Captain America's embroiled in a whole different controversy these days, but some real-world analysts remember the last time he got mixed up in a political back-and-forth: Marvel's Civil War. Back then, Cap took up arms against Iron Man's Superhero Registration Act, which required super-people to be registered, regulated and trained by the government. And this time, it's liberals who are calling Cap out about it.

In a post that kicks off with a take on this week's tea-party tantrum, national security blogger Spencer Ackerman of the progressive site Firedoglake argues that Iron Man and the pro-Registration side of the superhero Civil War were in the right:

[...] what Iron Man was really saying was no different than the uncontroversial principle that the state needs a monopoly on the legitimate use of force. When Cap launched his “the government will pick the supervillains” monologue, I was surprised that someone — like She-Hulk, who’s a lawyer — didn’t reply, “Wait, no. We have laws criminalizing certain behavior. We’ll have to follow those laws. That’s why the cops and the firefighters and the military and the intelligence communities don’t just go around legally killing members of the out-of-power party. Why would we be any different?”

Ackerman argues that by making Captain America, the living symbol of American patriotism, the leader of the anti-Registration side, Marvel stacked the emotional deck against Tony Stark even though the facts were in his favor.

Left-leaning economics and domestic-policy blogger Ezra Klein of the Washington Post agrees, and makes his case even more bluntly than Ackerman:

Iron Man was unequivocally right in the argument over superhero registration. I'm not even sure what the case for the other side is, and the libertarians I've asked haven't been able to come up with one. If the state has any legitimate function at all, it's to train and regulate people who could accidentally kill everyone in a hundred-mile radius.
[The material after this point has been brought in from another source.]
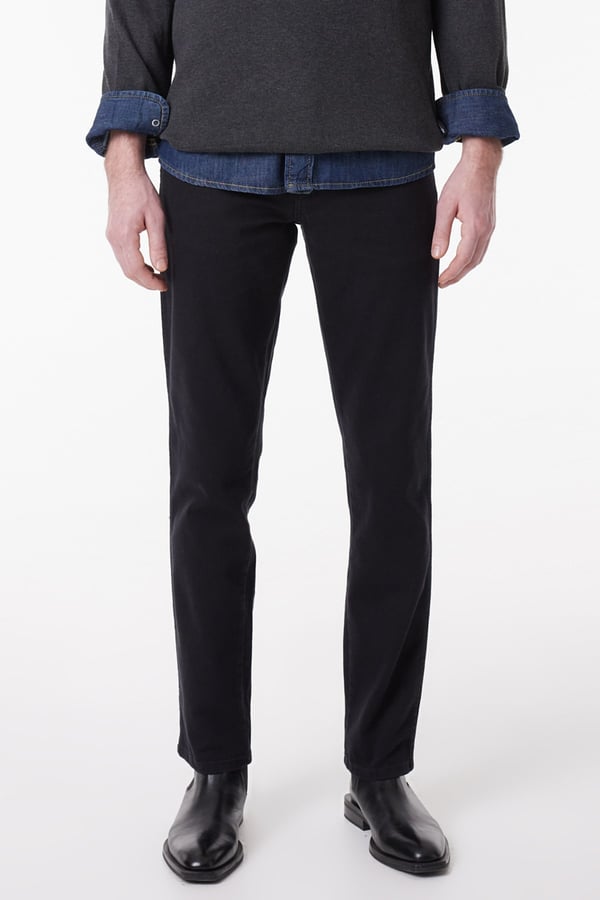 Wrangler Texas Slim Jean  Pantolon Siyah Erkek Kot Pantolon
For the record, I agree completely, and I've ranted and raved about this ever since the Civil War broke out. All Iron Man was calling for in the Superhuman Registration Act was for the government to exercise the sort of control over superpowered vigilantes that they have over the police, military, and intelligence agencies. When Captain America rebelled against this, he was basically fighting for the right for him and his chums to be able to toss Doctor Octopus or whoever into a city bus with less government oversight than a 16-year-old learning to drive or the nice lady who runs the nail salon at the strip mall around the block. But Marvel relentlessly loaded its Civil War comics with cues that Cap was the good guy and Iron Man was bad, from comparing the SHRA to internment camps and Guantanamo Bay, to giving Cap the more sympathetic side of the "freedom vs. security" debate for which Civil War was a broad-strokes metaphor (keep in mind that in the real world, the leader of the "security" side was George W. Bush), to making Stark act like a tyrannical tool for no reason (J. Michael Straczynski's Amazing Spider-Man Civil War tie-in storyline, I'm looking in your direction), to simply giving the anti-Reg side much cooler superheroes. Captain America, Spider-Man, Luke Cage, the Thing, the Young Avengers, and the Punisher vs. pre-Robert Downey Jr. Iron Man, Mister Fantastic, Hank Pym, Ms. Marvel, Norman freaking Osborn, and a psychotic Thor clone? Yeah, no bias there.

You ended up almost having to root for Captain American against the increasingly unlikeable Iron Man, even though Cap was wrong on the issues. Fortunately, our nation's pundit class is setting the historical record straight.